Thanks to a $300,000, three-year grant from the National Endowment for the Humanities (NEH), 30 years of archaeological research at The Hermitage, Home of Andrew Jackson, will be digitized and made available online to scholars and the general public.
The grant enables archaeologists at Thomas Jefferson’s Monticello to complete a web-based collaboration entitled Beyond the Mansion 2.0 in partnership with The Hermitage. The project will focus on digitizing artifacts and field records from a group of archaeological sites collectively known as the First Hermitage.
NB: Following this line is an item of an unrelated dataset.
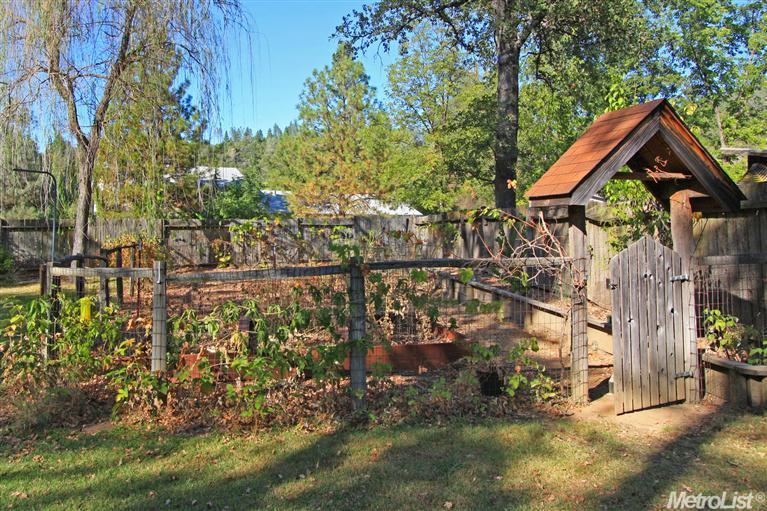 2002 Alexander Ln, Placerville, CA 95667 photo 5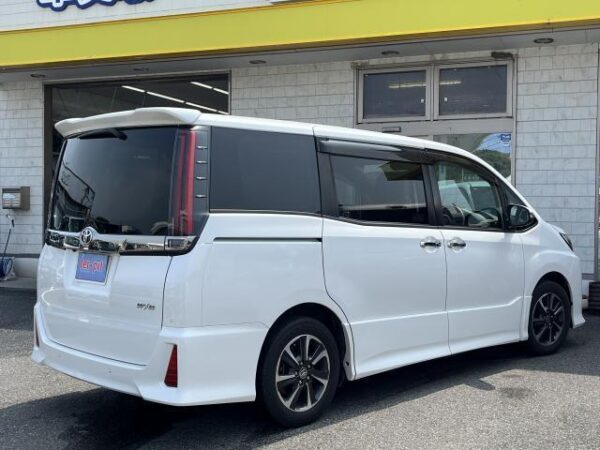 Ref:AUX-18598132 TOYOTA NOAH 2020 - Image 6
This area was occupied by Andrew Jackson and a small number of slaves around 1800.
“We are very excited that Monticello received this generous grant from the National Endowment for the Humanities to catalog the archaeological material excavated at the First Hermitage,” said Marsha Mullin, vice president of museum services and chief curator at The Hermitage.
“We are proud to be part of yet another project that will make years of archeological research widely available online while adding to the knowledge of slavery at The Hermitage.”
Archeology is a critical resource to understanding slavery and daily life at The Hermitage. Beyond the Mansion 2.0 will bring together three types of archeological information for analysis: artifacts, animal remains and botanical remains. Comparison of all three areas will allow archeologists to further document and explain lifestyle differences within the enslaved community during the early-modern era.